A Car Nerd's Guide To JapanAn insider look at car culture in Japan.

Ask anyone where their dream driving road is and they’ll probably tell you it’s somewhere in Europe. Perhaps somewhere near the Alps, or that one road in Romania that was on Top Gear with the impossibly long name. Some might say the Pacific Coast Highway in California or Route 66. But most probably wouldn’t say Japan. That’s because they haven’t heard of the Venus Line.

(Full Disclosure: McLaren Japan provided the car for this story.)

A country roughly the same size as California with one of the most densely populated cities in the world doesn’t sound like the ideal place for a road trip holiday but as I’ve discovered recently there are some hidden gems here.

After stumbling across a popular driving spot near Lake Miyagase in a McLaren 570S Spider, I got the help of another McLaren to explore a different part of Japan.

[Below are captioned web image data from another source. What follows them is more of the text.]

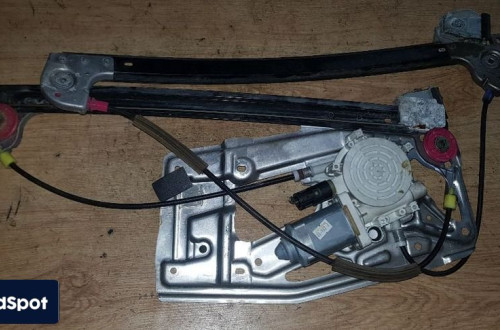 BMW E39 PODNOŚNIK SZYBY LEWY PRZÓD 8236859E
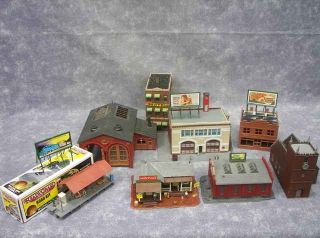 11 HO Buildings Structures Scenery Tyco Plasticville More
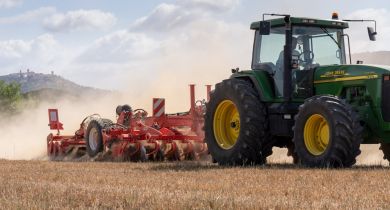 Un nouveau déchaumeur 3 m à châssis fixe dans la gamme Dracula 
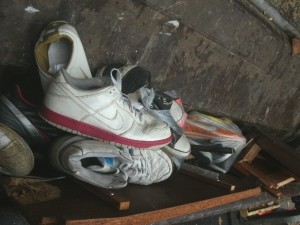 Weiße weichgelatschte Sneakers und kalter schmutziger Stahl - ein geiler Kontrast!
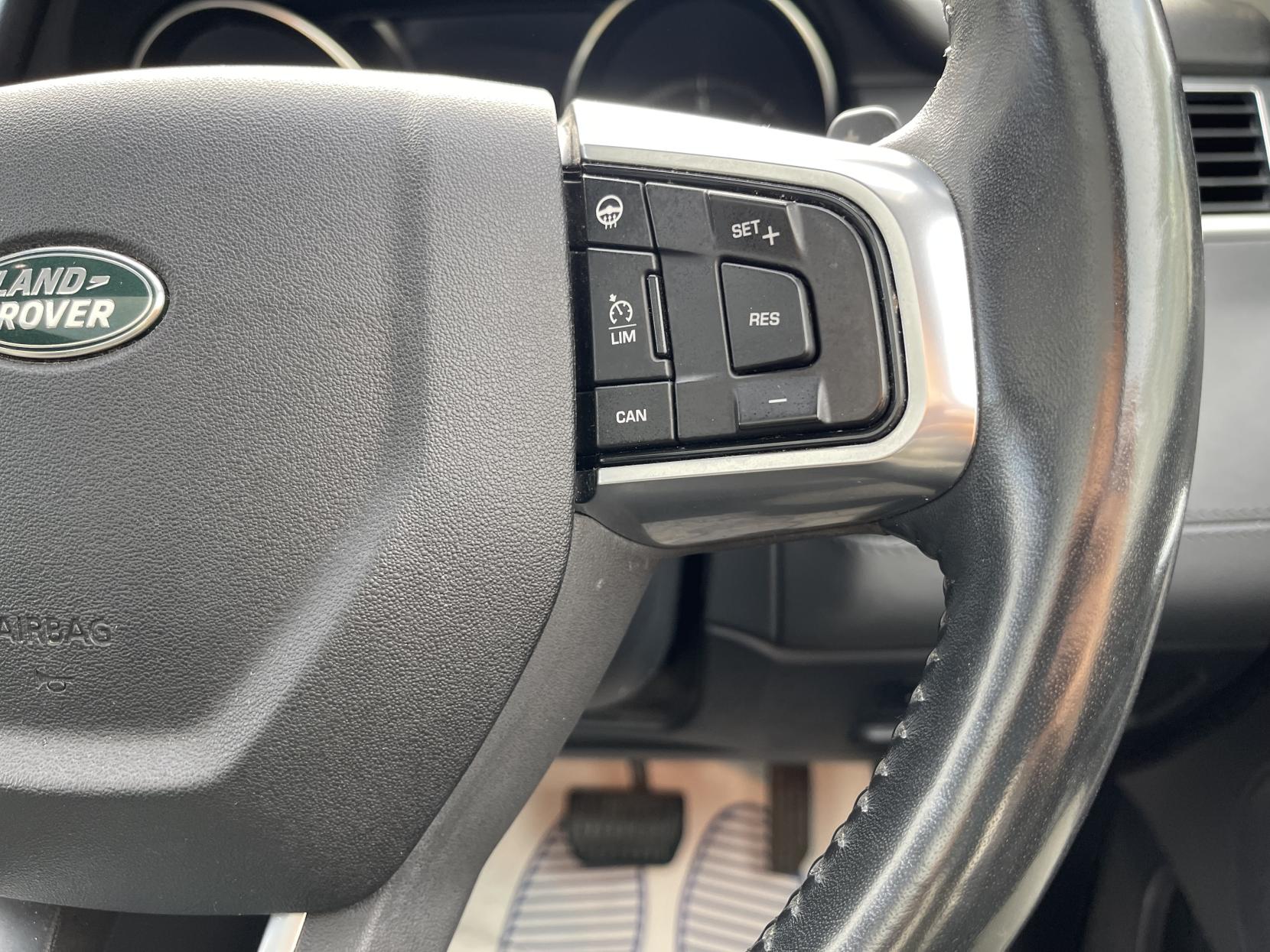 Land Rover Discovery Sport 2.0 TD4 HSE Luxury SUV 5dr Diesel Auto 4WD Euro 6 (s/s) (180 ps)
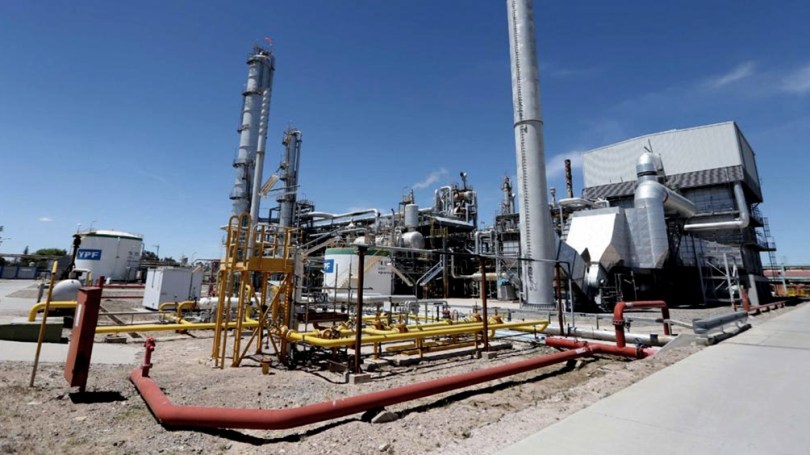 Allanamiento y detención en refinería local tras una investigación federal por robo de combustible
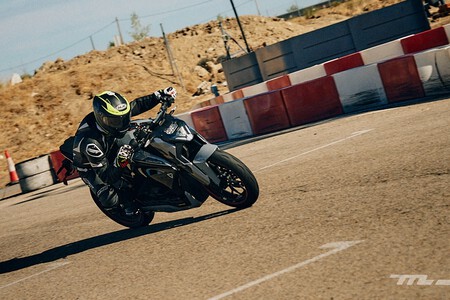 Ultraviolette F77 2025 Prueba 017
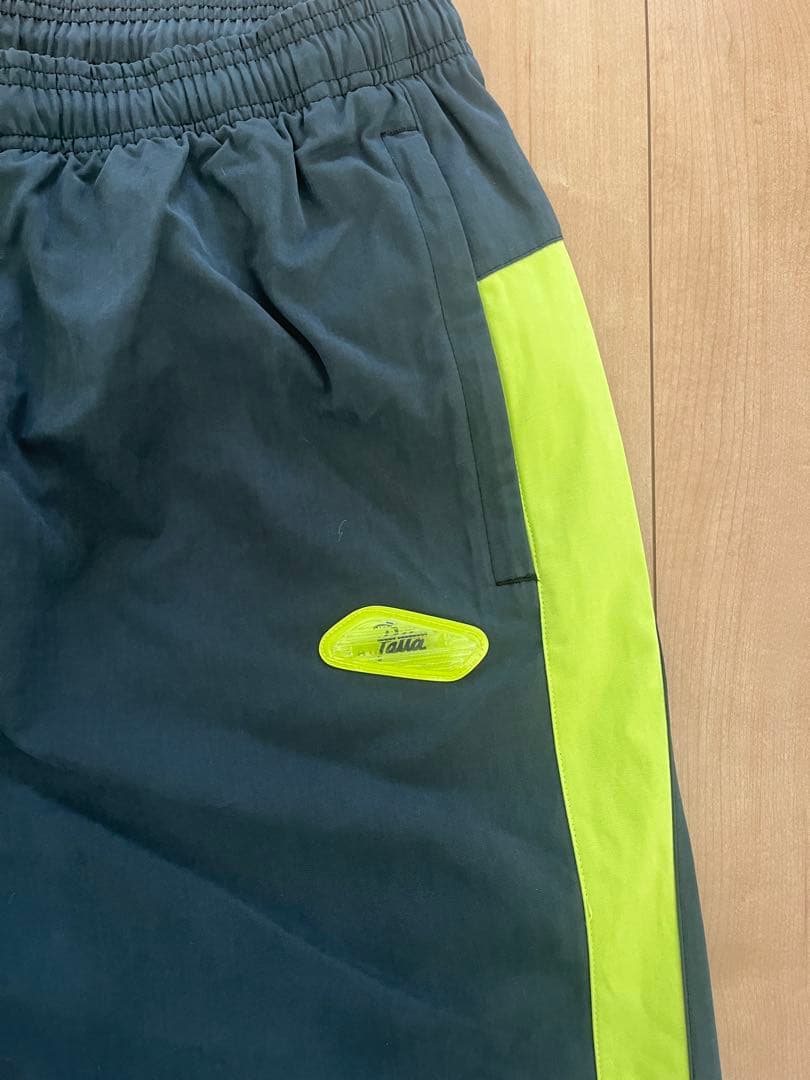 【最終値下げ中】Nike Patta コラボ　トラックパンツ　Mサイズ新品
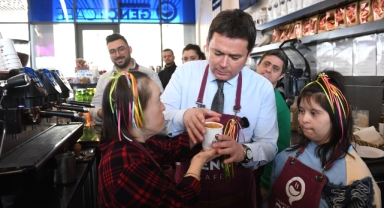 Down sendromlu bireyler bir günlüğüne kafe işletti
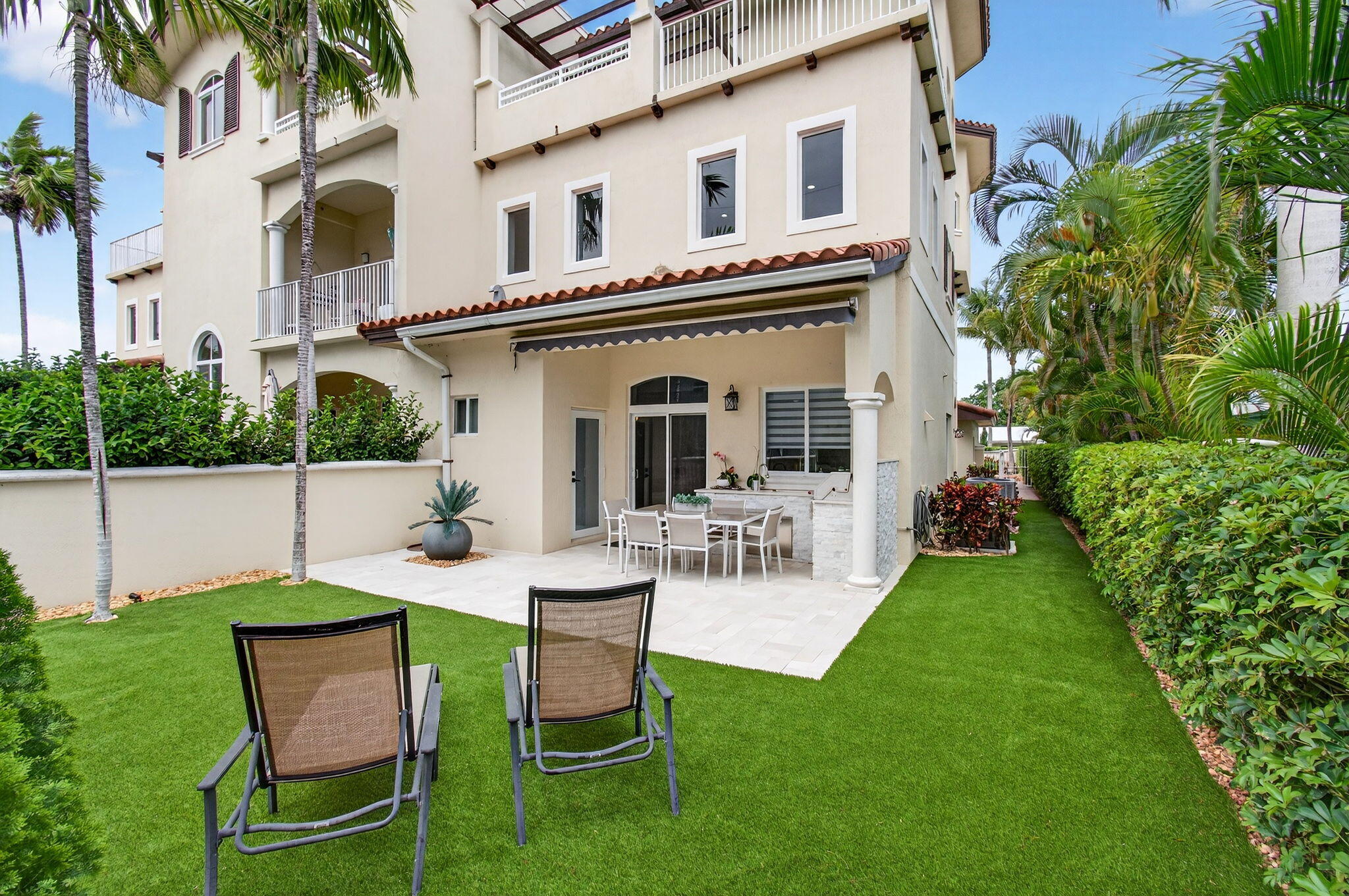 OCEAN VUE - Residential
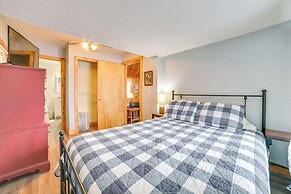 7 Mi to Nubs Nob: Lakefront Abode w/ Fire Pit!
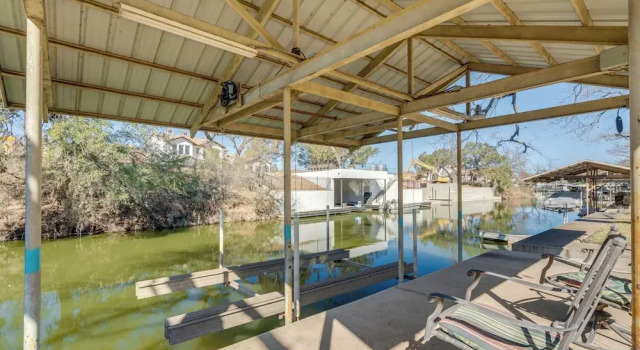 Коттедж 'pecan Creek Haus' Lake LBJ Retreat w/ Boat Dock!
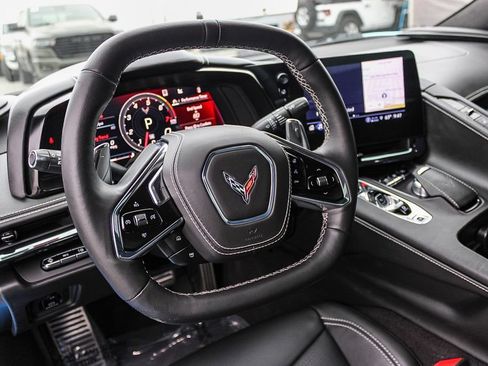 Used 2023 Chevrolet Corvette Stingray Premium Conv w/ Z51 Performance Package RWD image 16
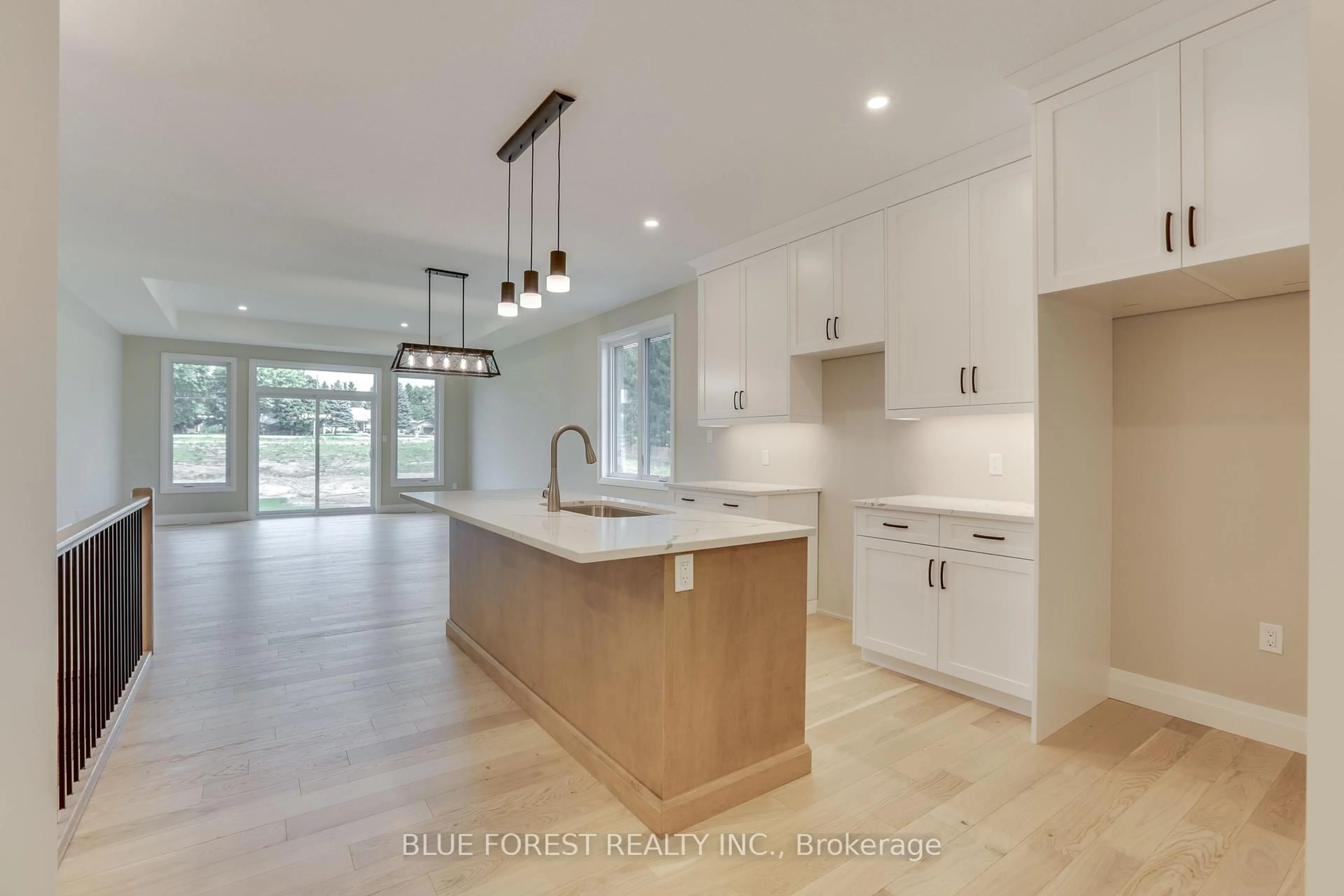 Open concept kitchen, ceramic/tile floor for 147 SHIRLEY St, Thames Centre Ontario N0M 2P0
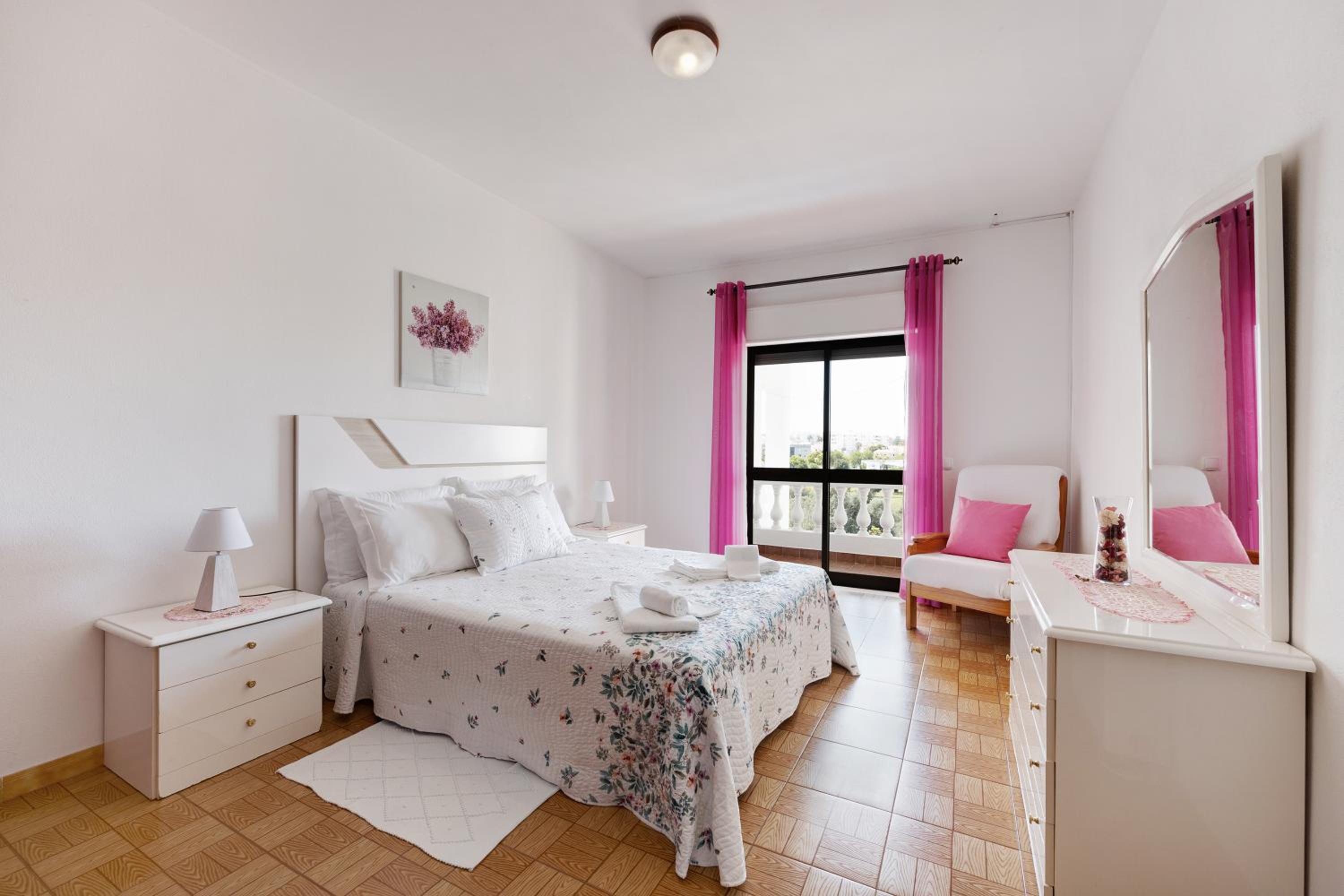 Superior One-Bedroom Apartment with Balcony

19 gallon fuel tank is not big enough for this sort of car

For a long time, I had been looking forward to visiting the Venus Line in Nagano Prefecture, 140 miles west of Tokyo, in the right car. I first heard of the Venus Line last year when the Rally Nippon drove through it and the views looked amazing.

Supposedly, it was the sort of backdrop you’d find in a Tolkien story. Roads flowing through golden hills, bright flowers either side of the road, and plenty of spots to stop and admire the view. I had timed the trip hoping to catch some of the cherry blossoms as well.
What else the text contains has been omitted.